Police then informed Ms Haywood there was an active warrant for her arrest and that she would be taken to Alice Springs.
“Our intentions were to prioritise the domestic violence [call out] … but we’d exhausted the inquiries to locate [Mr Dixon],” Constable Robert Stephenson, one of two officers who attended, told the court.
The coroner heard there was a chance that police had earlier spoken to Mr Dixon, without realising that was him, as the man they had spoken to gave officers a different name. Ms Haywood was taken by police to Alice Springs women’s shelter after her arrest.
Impact on Victims
The coroner highlighted the “impact it must have” on victims to make such calls to police.
“I just wonder what impact that has on a victim … to have police arrest someone with that terrible background and then to have him back in her house the next night and for there to be no response when she calls police,” Judge Armitage said.
“We ask a lot of victims and complainants, but how do we really expect them to continue to put themselves at risk by making phone calls to police that are overheard by their partners, when it seems [there’s] so little we can do to protect them.”
Conclusion
The inquest into the deaths of four Aboriginal women killed by their partners is ongoing.
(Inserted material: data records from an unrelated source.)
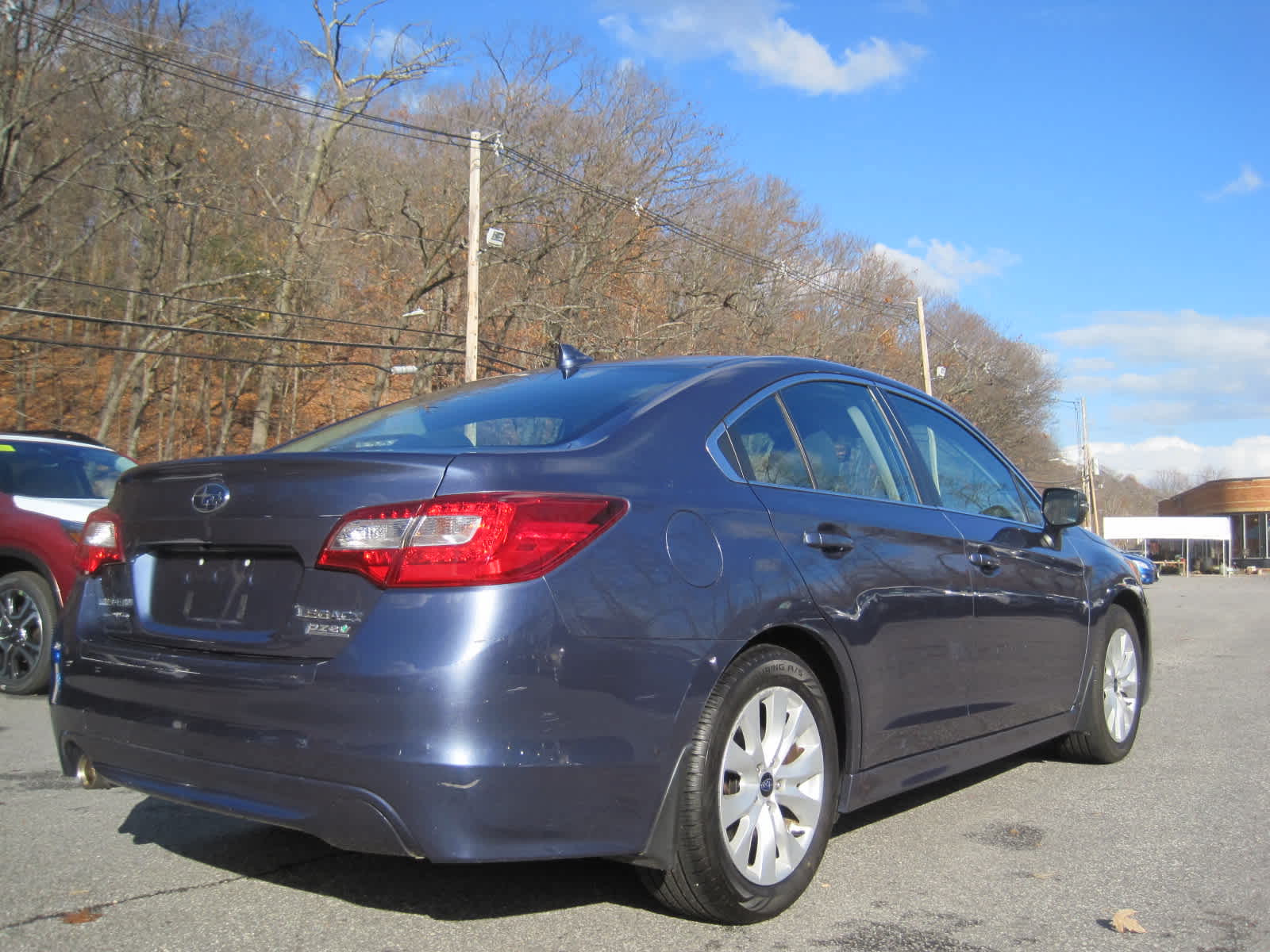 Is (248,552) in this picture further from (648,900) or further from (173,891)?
(648,900)

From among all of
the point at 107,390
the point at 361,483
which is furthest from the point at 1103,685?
the point at 107,390

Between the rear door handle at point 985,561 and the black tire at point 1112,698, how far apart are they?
1155mm

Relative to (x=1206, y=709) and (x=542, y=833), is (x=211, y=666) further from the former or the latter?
(x=1206, y=709)

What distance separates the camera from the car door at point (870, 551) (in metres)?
3.42

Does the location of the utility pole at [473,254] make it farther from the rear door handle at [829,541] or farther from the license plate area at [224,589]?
the license plate area at [224,589]

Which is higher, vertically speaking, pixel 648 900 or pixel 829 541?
pixel 829 541

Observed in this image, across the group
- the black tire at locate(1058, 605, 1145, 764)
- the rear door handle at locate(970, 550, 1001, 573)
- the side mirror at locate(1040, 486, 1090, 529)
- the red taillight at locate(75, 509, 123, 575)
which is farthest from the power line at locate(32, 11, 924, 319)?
the red taillight at locate(75, 509, 123, 575)

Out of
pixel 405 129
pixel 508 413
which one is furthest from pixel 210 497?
pixel 405 129

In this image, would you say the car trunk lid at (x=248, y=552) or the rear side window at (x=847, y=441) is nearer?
the car trunk lid at (x=248, y=552)

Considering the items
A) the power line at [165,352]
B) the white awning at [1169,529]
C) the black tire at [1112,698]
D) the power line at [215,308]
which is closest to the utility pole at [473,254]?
the power line at [165,352]

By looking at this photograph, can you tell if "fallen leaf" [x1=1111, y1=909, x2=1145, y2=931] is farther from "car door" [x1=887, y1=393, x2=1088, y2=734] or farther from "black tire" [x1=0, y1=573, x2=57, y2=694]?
"black tire" [x1=0, y1=573, x2=57, y2=694]

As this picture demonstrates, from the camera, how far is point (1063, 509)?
501 centimetres

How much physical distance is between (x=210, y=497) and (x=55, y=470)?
5511 mm

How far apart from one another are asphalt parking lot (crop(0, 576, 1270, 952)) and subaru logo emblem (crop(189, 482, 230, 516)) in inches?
42.7
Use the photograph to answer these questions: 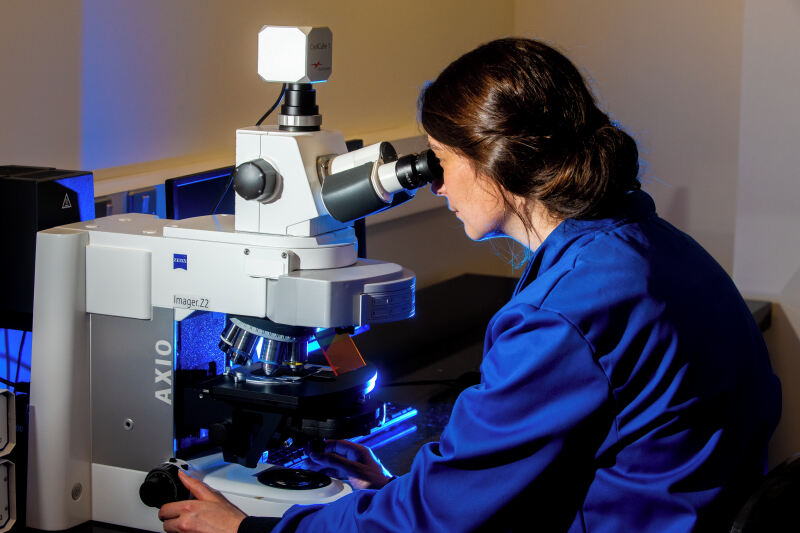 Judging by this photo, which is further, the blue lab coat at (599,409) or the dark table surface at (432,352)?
the dark table surface at (432,352)

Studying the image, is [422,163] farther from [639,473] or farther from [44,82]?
[44,82]

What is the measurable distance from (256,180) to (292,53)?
171 mm

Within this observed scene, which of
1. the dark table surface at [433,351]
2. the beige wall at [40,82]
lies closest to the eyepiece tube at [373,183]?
the dark table surface at [433,351]

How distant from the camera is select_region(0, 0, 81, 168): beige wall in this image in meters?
1.73

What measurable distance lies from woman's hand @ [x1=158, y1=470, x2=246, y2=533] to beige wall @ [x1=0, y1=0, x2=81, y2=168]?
821mm

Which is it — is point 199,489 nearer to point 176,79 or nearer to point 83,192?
point 83,192

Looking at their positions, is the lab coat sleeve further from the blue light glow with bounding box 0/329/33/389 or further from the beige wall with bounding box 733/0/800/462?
the beige wall with bounding box 733/0/800/462

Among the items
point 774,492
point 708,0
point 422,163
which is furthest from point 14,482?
point 708,0

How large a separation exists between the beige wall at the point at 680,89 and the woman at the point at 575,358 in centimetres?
221

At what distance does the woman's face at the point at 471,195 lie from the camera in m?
1.12

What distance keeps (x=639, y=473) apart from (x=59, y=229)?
878mm

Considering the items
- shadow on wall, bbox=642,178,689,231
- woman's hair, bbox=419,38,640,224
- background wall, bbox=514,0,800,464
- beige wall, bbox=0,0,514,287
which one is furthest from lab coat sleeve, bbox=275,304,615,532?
shadow on wall, bbox=642,178,689,231

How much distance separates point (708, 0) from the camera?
127 inches

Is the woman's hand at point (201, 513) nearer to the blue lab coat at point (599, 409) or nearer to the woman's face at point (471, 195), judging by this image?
the blue lab coat at point (599, 409) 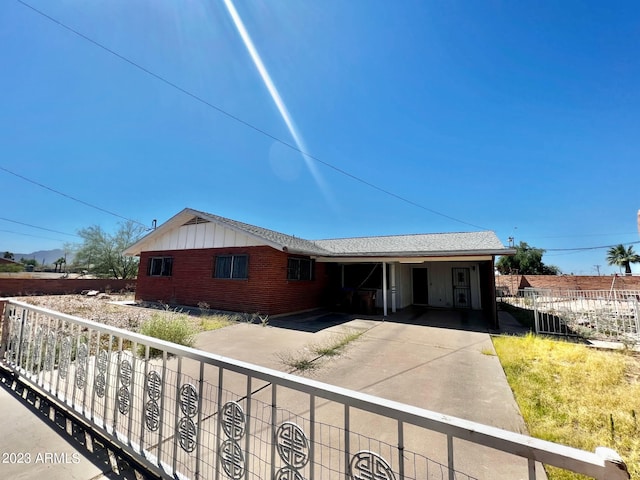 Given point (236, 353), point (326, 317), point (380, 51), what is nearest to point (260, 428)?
point (236, 353)

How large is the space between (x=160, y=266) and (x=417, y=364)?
40.8ft

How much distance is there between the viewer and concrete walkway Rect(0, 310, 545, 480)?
7.57 feet

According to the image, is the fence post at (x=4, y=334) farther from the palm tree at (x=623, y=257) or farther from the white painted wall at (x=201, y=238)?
the palm tree at (x=623, y=257)

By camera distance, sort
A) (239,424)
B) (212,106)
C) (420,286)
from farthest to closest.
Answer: (420,286) < (212,106) < (239,424)

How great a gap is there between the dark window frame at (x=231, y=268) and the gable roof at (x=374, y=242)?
3.64 feet

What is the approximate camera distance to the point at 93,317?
8.07 metres

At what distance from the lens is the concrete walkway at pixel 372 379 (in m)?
2.31

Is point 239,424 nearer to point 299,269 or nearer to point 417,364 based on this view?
point 417,364

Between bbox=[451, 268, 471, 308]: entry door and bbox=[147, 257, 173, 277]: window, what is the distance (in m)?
13.7

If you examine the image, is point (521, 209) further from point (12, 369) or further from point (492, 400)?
point (12, 369)

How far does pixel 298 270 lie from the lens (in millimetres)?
10977

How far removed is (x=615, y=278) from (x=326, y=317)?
2180cm

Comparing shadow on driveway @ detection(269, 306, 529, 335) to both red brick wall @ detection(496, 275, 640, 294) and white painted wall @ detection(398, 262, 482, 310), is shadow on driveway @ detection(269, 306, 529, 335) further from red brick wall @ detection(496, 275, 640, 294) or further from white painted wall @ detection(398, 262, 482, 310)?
red brick wall @ detection(496, 275, 640, 294)

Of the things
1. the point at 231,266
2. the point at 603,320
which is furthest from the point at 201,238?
the point at 603,320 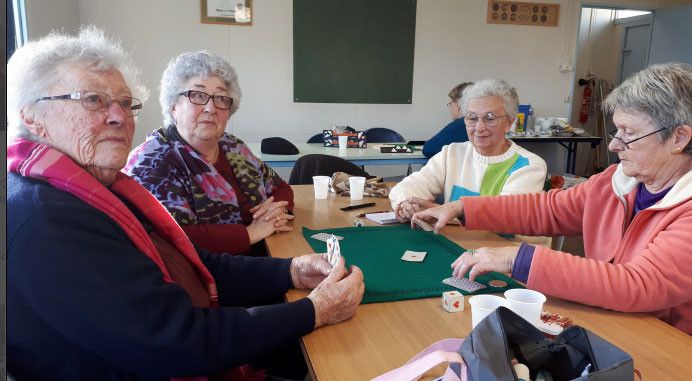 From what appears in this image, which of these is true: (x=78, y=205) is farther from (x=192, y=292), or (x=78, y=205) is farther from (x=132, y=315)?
(x=192, y=292)

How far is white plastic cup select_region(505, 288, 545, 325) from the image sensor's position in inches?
44.0

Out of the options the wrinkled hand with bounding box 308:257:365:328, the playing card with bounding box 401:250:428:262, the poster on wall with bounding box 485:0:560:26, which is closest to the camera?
the wrinkled hand with bounding box 308:257:365:328

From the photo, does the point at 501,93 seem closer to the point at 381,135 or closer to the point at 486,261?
the point at 486,261

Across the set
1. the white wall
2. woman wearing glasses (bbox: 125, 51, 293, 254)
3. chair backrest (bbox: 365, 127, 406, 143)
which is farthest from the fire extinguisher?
woman wearing glasses (bbox: 125, 51, 293, 254)

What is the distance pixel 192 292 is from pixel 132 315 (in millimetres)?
398

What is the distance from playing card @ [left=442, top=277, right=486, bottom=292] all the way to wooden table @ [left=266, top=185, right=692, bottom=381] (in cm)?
9

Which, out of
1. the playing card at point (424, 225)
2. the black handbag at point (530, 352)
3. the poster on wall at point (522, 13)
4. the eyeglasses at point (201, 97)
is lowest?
the playing card at point (424, 225)

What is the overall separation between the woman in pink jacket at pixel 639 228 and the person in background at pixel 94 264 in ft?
1.59

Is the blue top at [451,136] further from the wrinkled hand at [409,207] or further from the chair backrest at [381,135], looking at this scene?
the wrinkled hand at [409,207]

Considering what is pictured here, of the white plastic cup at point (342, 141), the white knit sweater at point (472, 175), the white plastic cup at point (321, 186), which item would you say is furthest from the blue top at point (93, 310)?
the white plastic cup at point (342, 141)

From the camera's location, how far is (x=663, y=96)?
133 cm

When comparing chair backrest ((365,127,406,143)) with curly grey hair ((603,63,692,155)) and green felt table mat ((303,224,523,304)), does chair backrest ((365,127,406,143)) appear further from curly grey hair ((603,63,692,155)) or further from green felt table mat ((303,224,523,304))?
curly grey hair ((603,63,692,155))

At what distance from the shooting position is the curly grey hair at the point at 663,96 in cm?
131

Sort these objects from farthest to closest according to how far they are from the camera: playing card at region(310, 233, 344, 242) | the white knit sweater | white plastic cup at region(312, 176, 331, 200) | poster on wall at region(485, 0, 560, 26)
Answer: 1. poster on wall at region(485, 0, 560, 26)
2. white plastic cup at region(312, 176, 331, 200)
3. the white knit sweater
4. playing card at region(310, 233, 344, 242) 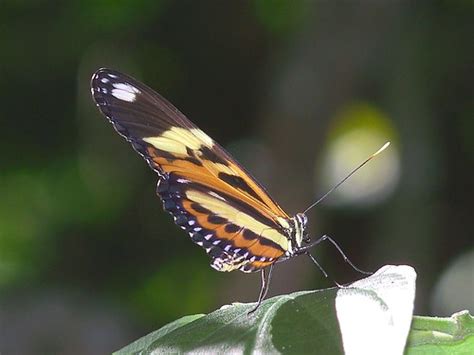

The case of Kumanjayi Haywood highlights the urgent need for better responses to domestic and family violence in the Northern Territory. The language barriers faced by Ms Haywood’s mother and the delayed police response to Ms Haywood’s calls for help demonstrate the systemic issues that need to be addressed. It is crucial that victims of domestic and family violence receive the support they need to escape violent situations and that perpetrators are held accountable for their actions.